## Task prompt
Below are records with pictures in them. Output exactly the lines from the one with "성경 속 세상을 바꾼" through the one with "Your Guide To The IICAU Kiel Semesterticket", both included, and leave every picture out; give only those lines.

## Extracted data
※ ※ ※

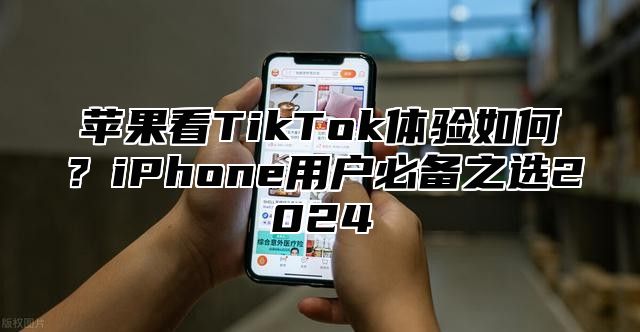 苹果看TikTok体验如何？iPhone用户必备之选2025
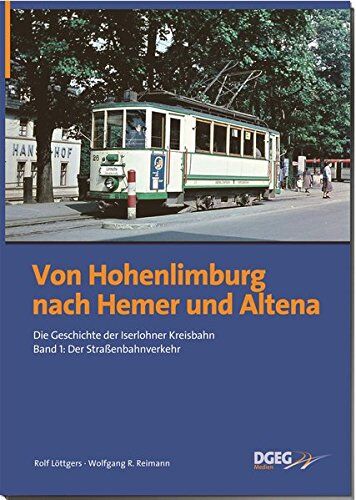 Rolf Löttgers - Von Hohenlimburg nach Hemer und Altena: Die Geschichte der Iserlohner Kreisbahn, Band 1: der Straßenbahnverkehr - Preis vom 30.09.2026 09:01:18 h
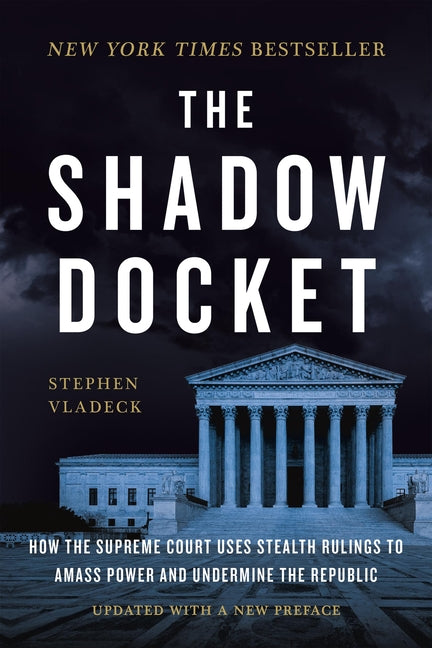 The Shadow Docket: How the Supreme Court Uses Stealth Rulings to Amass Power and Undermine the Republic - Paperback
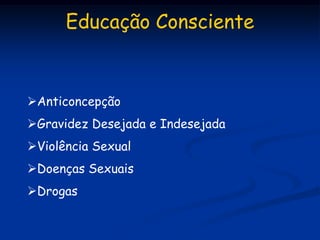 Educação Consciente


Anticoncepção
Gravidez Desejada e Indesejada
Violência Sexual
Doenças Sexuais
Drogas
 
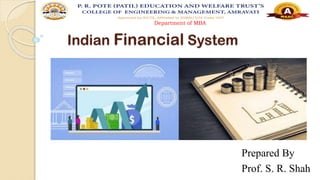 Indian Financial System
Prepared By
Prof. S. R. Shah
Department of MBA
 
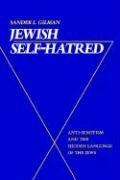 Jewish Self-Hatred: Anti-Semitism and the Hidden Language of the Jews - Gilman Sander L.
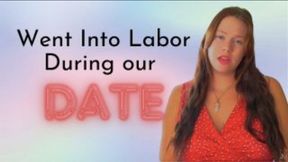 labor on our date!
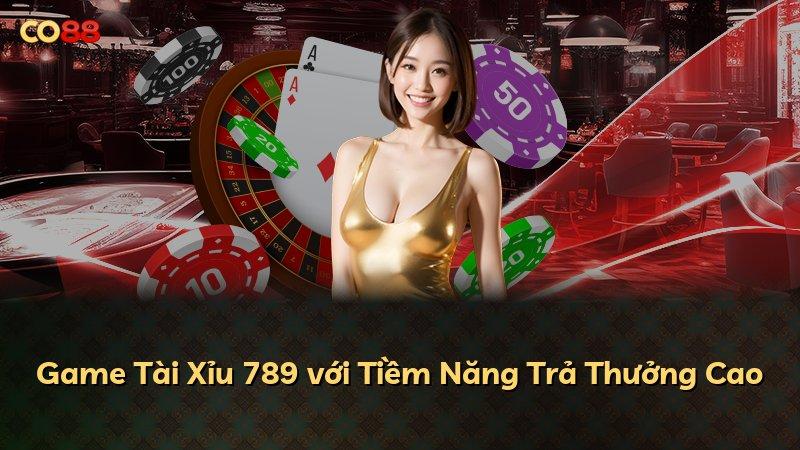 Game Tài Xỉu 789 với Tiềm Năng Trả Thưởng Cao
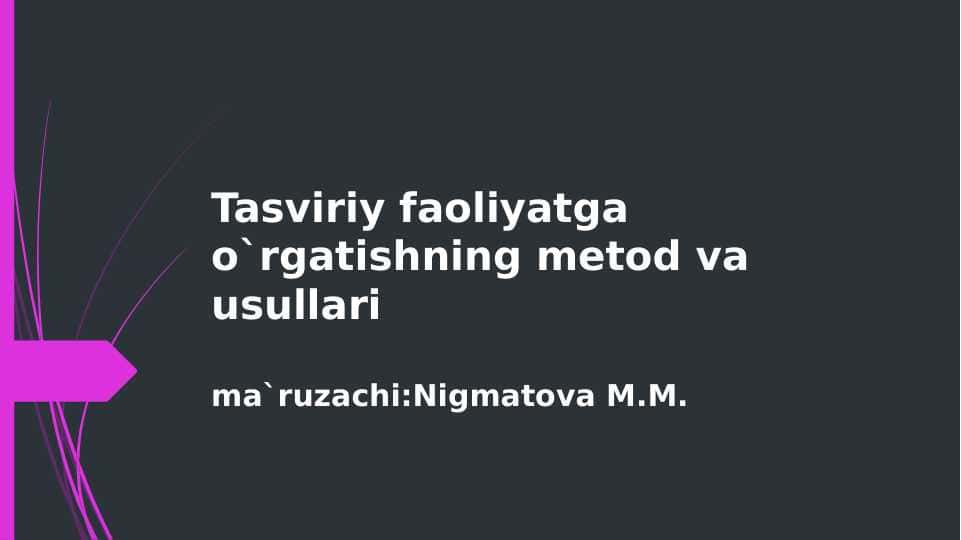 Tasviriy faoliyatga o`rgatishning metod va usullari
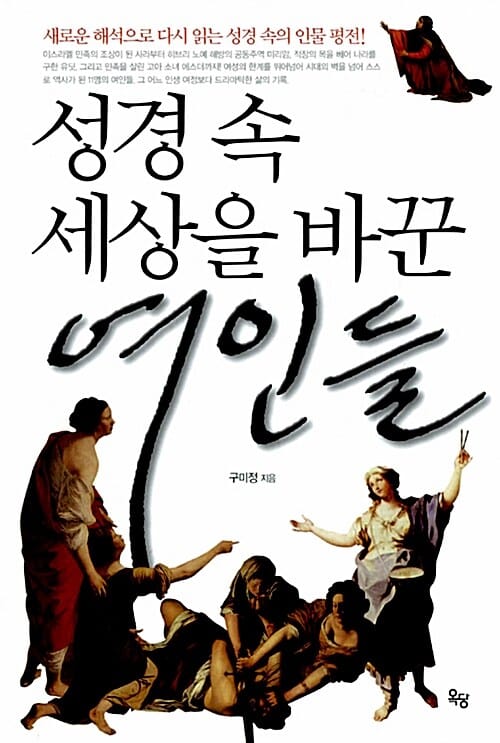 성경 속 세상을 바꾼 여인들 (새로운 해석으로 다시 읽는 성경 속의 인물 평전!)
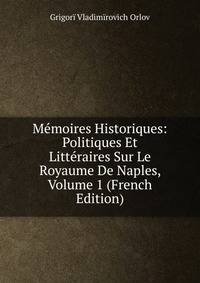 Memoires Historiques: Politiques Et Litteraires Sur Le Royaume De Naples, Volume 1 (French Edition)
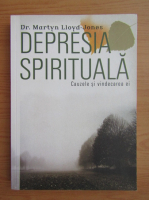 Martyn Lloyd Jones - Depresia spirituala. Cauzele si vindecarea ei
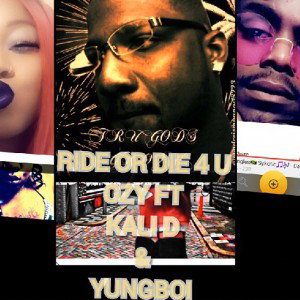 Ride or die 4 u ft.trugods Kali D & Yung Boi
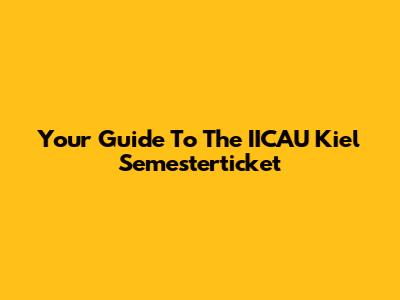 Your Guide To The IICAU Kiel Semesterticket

※ ※ ※

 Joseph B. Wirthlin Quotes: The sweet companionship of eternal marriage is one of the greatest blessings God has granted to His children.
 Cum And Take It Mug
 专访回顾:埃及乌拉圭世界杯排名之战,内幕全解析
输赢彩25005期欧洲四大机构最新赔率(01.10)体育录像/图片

※ ※ ※

## Worked solution
 성경 속 세상을 바꾼 여인들 (새로운 해석으로 다시 읽는 성경 속의 인물 평전!)
 Memoires Historiques: Politiques Et Litteraires Sur Le Royaume De Naples, Volume 1 (French Edition)
 Martyn Lloyd Jones - Depresia spirituala. Cauzele si vindecarea ei
 Ride or die 4 u ft.trugods Kali D & Yung Boi
 Your Guide To The IICAU Kiel Semesterticket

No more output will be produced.